第254球「二つのベクトル」(2006.9.13)

 「勝負」と「娯楽性」は同等のレベルで、同等に追求されるべきものである、と俺は思っている。そりゃぁ、その時々によってそのバランスは微妙にずれてくることもあるのだが、根底に流れる考えは不変、と言ってよい。それが草野球の大きな魅力ではなかろうか。
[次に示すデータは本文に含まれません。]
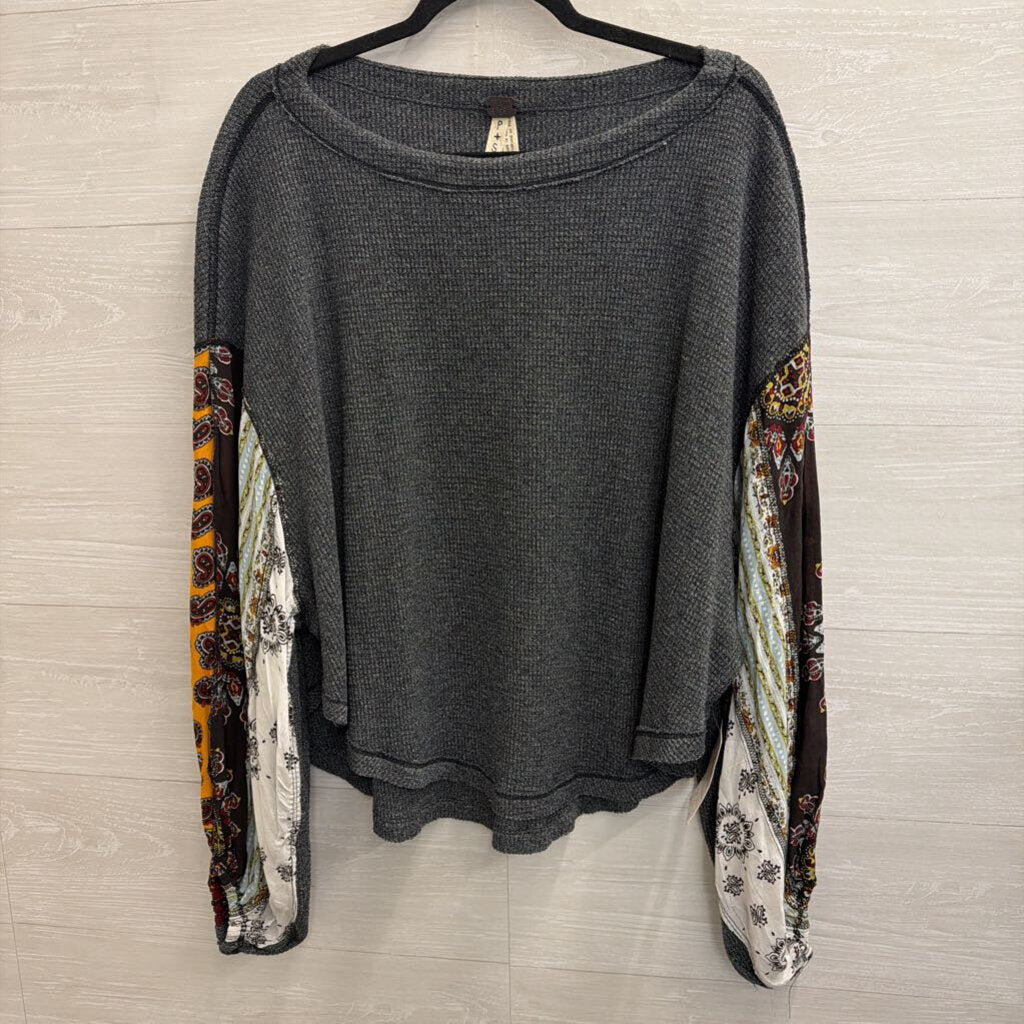 We The Free Grey Long Printed Sleeve Top Small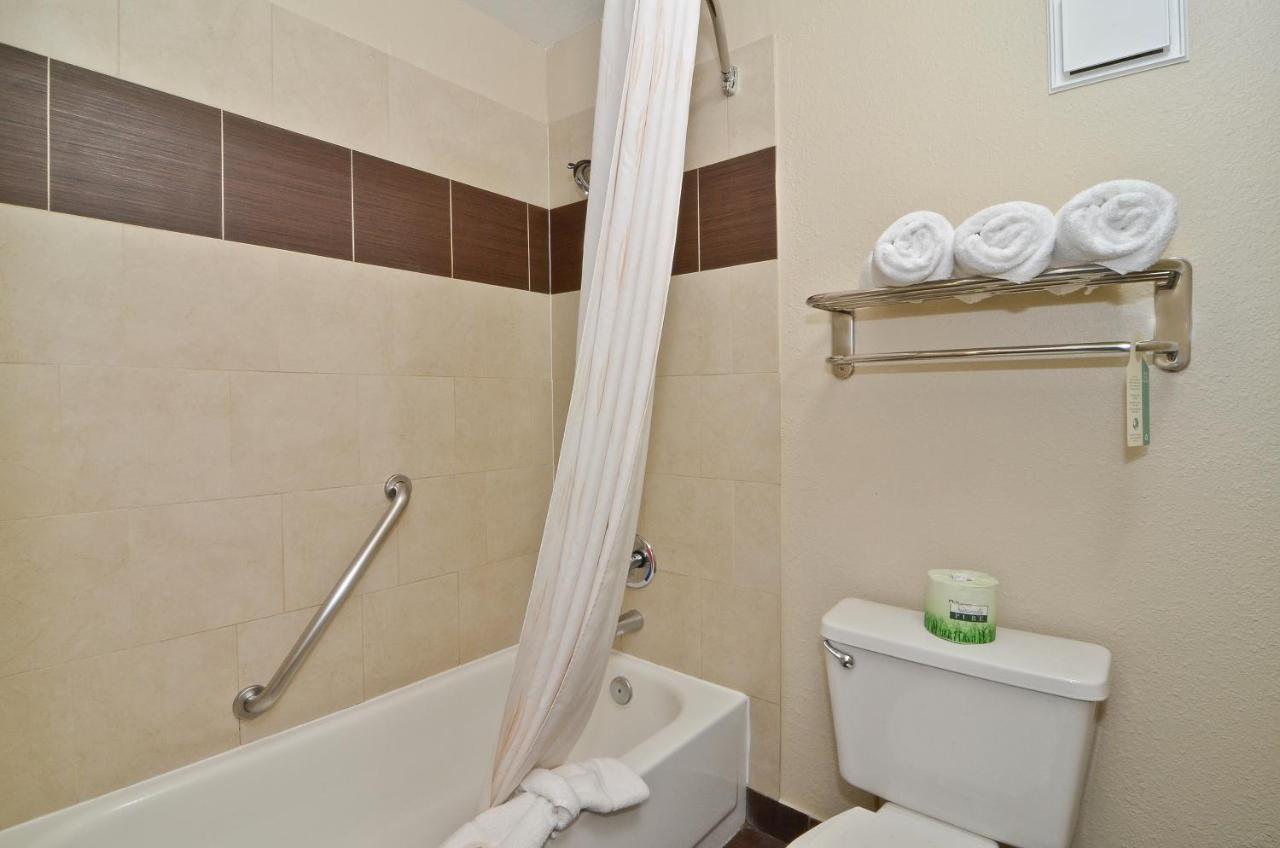 | Clackamas Inn and Suites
 一番望ましいのは、「勝負」することが、最大の愉しみである、と考えること。痺れるような試合の中で、ベストなプレーをすること。そのための努力を惜しまないこと。しかし、それだけではないはずだ。もう一つは野球すること自体を「楽しむ」こと。結果そのものを必要以上に引きずらないこと。そういう精神的な余裕もどこかに必要なのだろう。この二つのベクトルバランスが保ててこそ、「また参加したいな」「また頑張りたいな」という気持ちが生まれてくるのではなかろうか。

 このベクトルバランスを保つのは非常に難しい。やじろべえのように、振り子のように右に左に揺れながら、チームというのは動いている。まさにチームは生き物だ。だから必ずしもいい試合ばかりできるわけではない。いい活動ばかりできるわけでもない。またその逆も然り。その積み重ねが今のチームを作っている。

 ただ、間違ってはいけないのは「楽しむ」は「ラク」をするのではない、ということ。肉体的にも精神的にも「ラク」はしてはいけない。我々のベクトルバランスに「ラク」の文字は存在しないのだ。あくまで「たのしむ」ということ。似ているようで、明確に違うのだ。

 楽しむために、自らを鼓舞し、衰えつつある体にムチ打って、その積み重ねで勝負する。楽しく、激しく野球をする。何と楽しいことだろう。何と素晴らしいことだろう。このベクトルバランスは今後も追求するよ。